Someone named Ian reminded me that I should totally talk about this. Thank you for the reminder!

My ABS comes in tomorrow so this is an opportune time to go over what my brain does before I even start.

1. Read. I try and gather some preliminary info on the base material. Since this is ABS I did a quick Google search and found a couple interesting articles.

https://www.imaginethat-3d.com/how-to-succeed-when-printing-with-abs

https://reprap.org/wiki/ABS

2. Understand the negative properties. All Filaments experience different positive and negative properties but the negative properties are what affect our printing ability.

With ABS it's mainly warping and layer adhesion. It seems I'll need a place where the material won't cool too fast and also a heated bed. PEI seems to be a good candidate for a print surface but the addition of a slurry made from ABS dissolved in acetone can increase my chances of success. I do not have an enclosure but I will attempt to use these techniques to help me keep the prints from warping.

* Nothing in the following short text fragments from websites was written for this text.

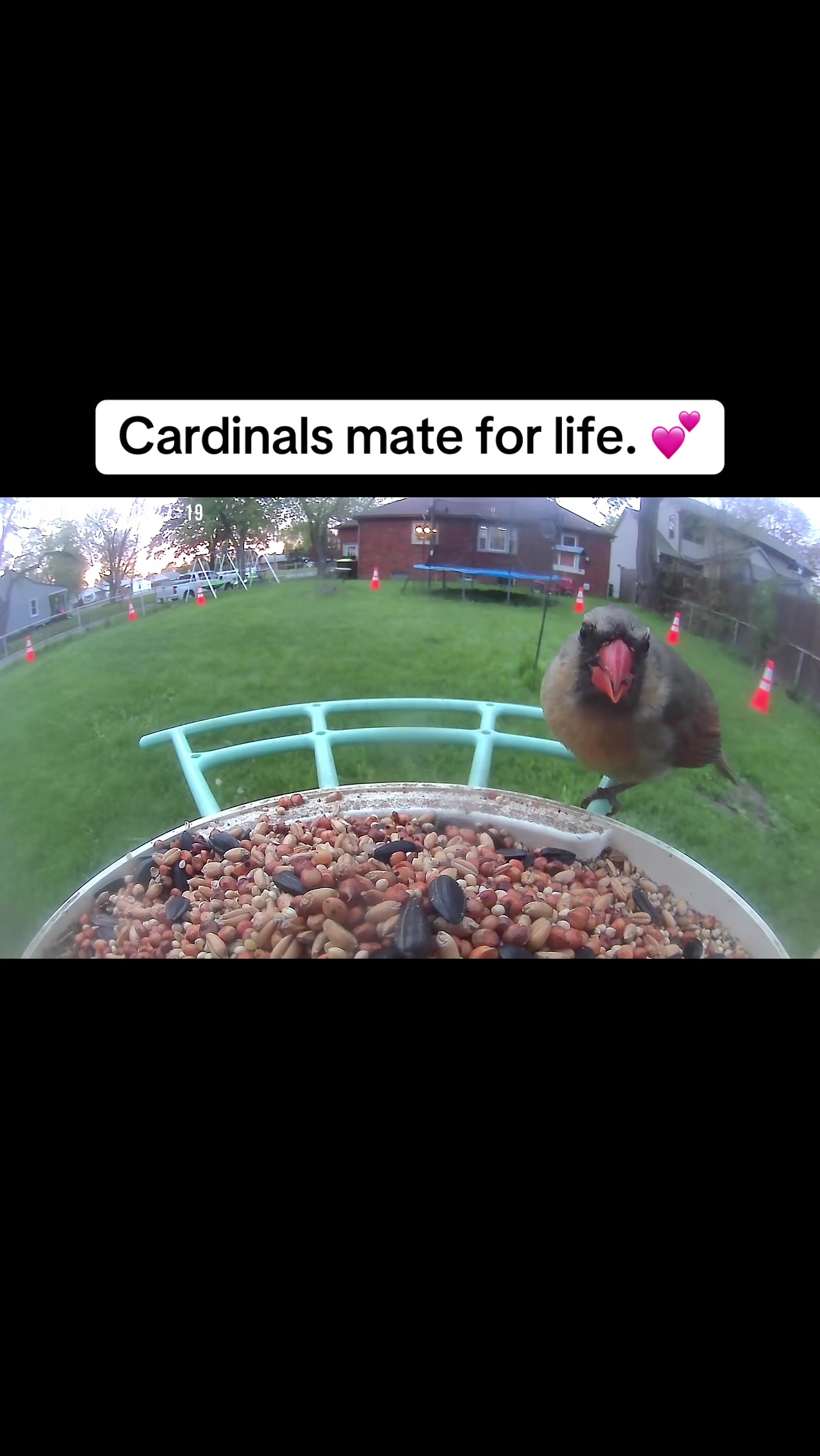 @🇺🇸🦜BirdieJo🦜🇺🇸
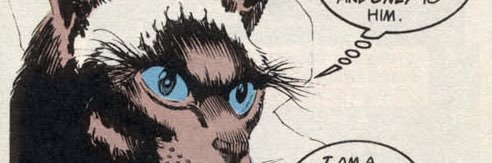 MyBoringName's profile banner image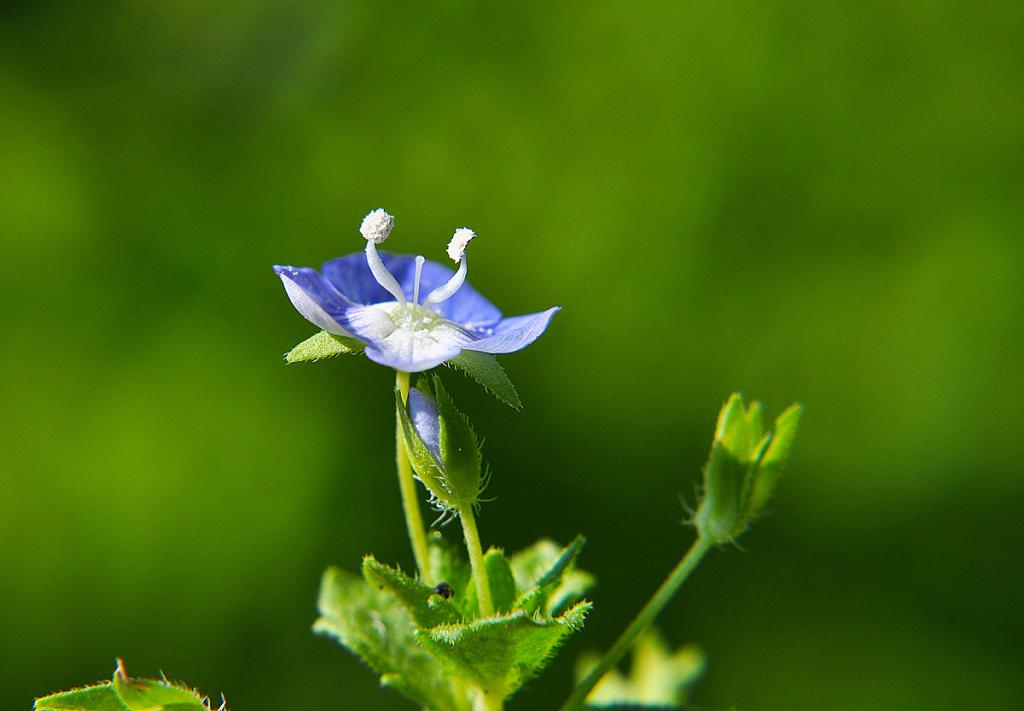Wildblume 02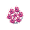 Deluxe Pink Daffodil - Bouquet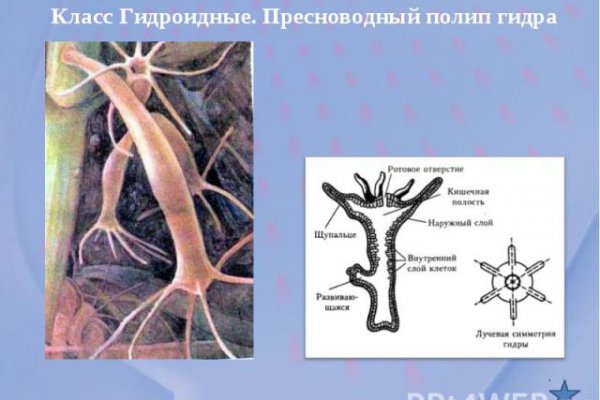 Торговая площадка кракен ссылка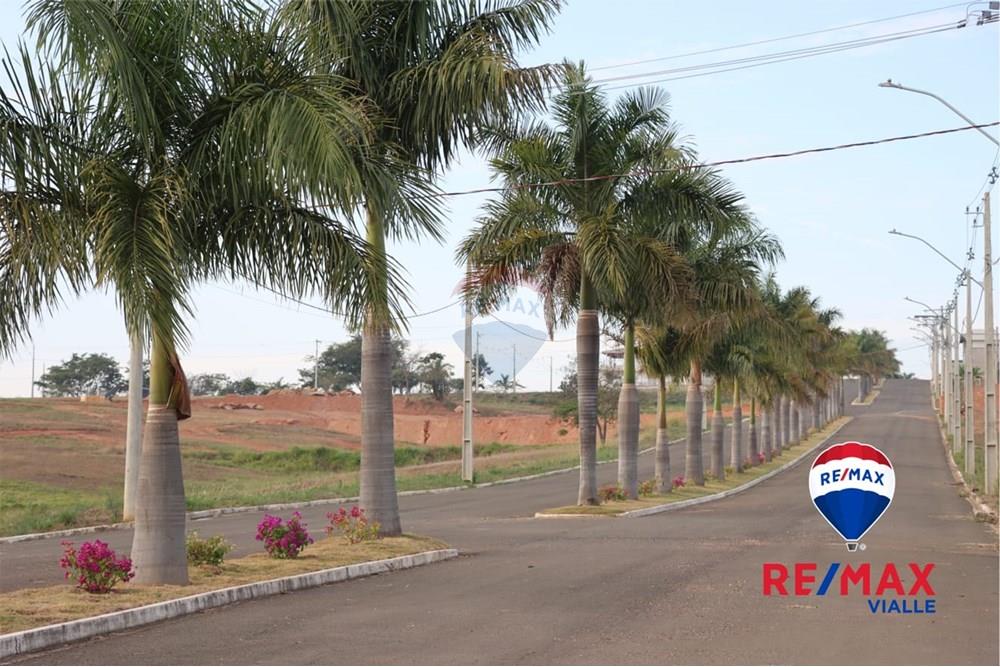 Terreno - Venda - São João Batista do Glória , Minas Gerais - IMG-20250220-WA0052.jpg - 870731001-9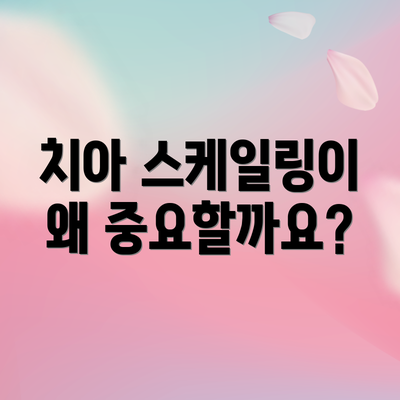 치아 스케일링이 왜 중요할까요?
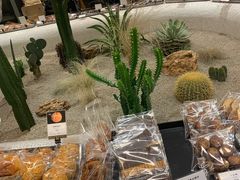 -OUR Bakery(SKP-S店)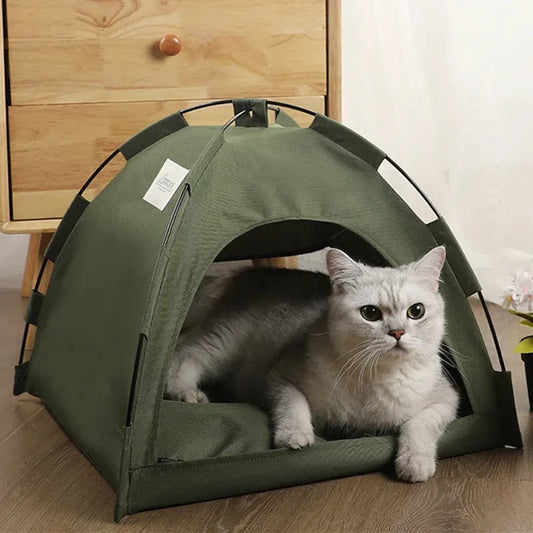 Cat tent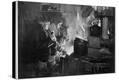 Stretched Canvas Print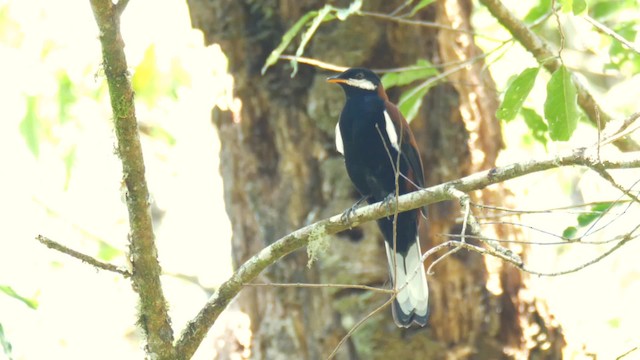 White-eared Solitaire - ML201692371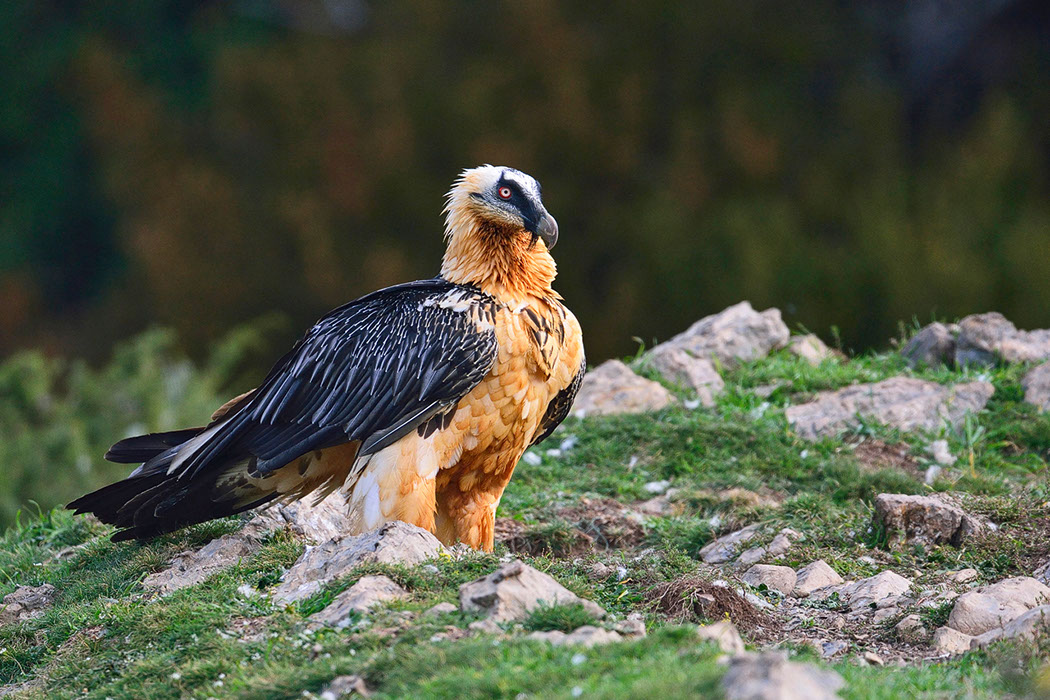 Bartgeier, Gypaète Barbu, Quebrantahuesos, Lämmergeier, Lammergeier,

3. Starting settings. I typically base my initial settings on educated guesses. Material says it prints between X and Y so I find the middle temp and start there. I print slower first to make sure the printer mechanics won't be an issue which equates to no faster than 30-45mm/s on perimeters and 60mm/s infil. I choose the highest recommended bed temp and start at 1mm retraction.

Other settings: 5% infill, 3 bottom and 5 top layers, 0.2mm layer height, 2 perimeters, and a small amount of z hop aka 2x the layer height.

These base settings tend to get results with most filaments. It's the observations after the first prints that bring it all together.

4. Observe. I usually print a cube or a cute octo depending on how lucky I'm feeling that day. Without even running an extrusion multiplier test or anything like that I want to make sure it'll print first. No need to dial in the settings if it won't print.

I watch for first layer issues. Live Z, sticking, curling, bunching. I note those and let it continue if nothing catastrophic is going on.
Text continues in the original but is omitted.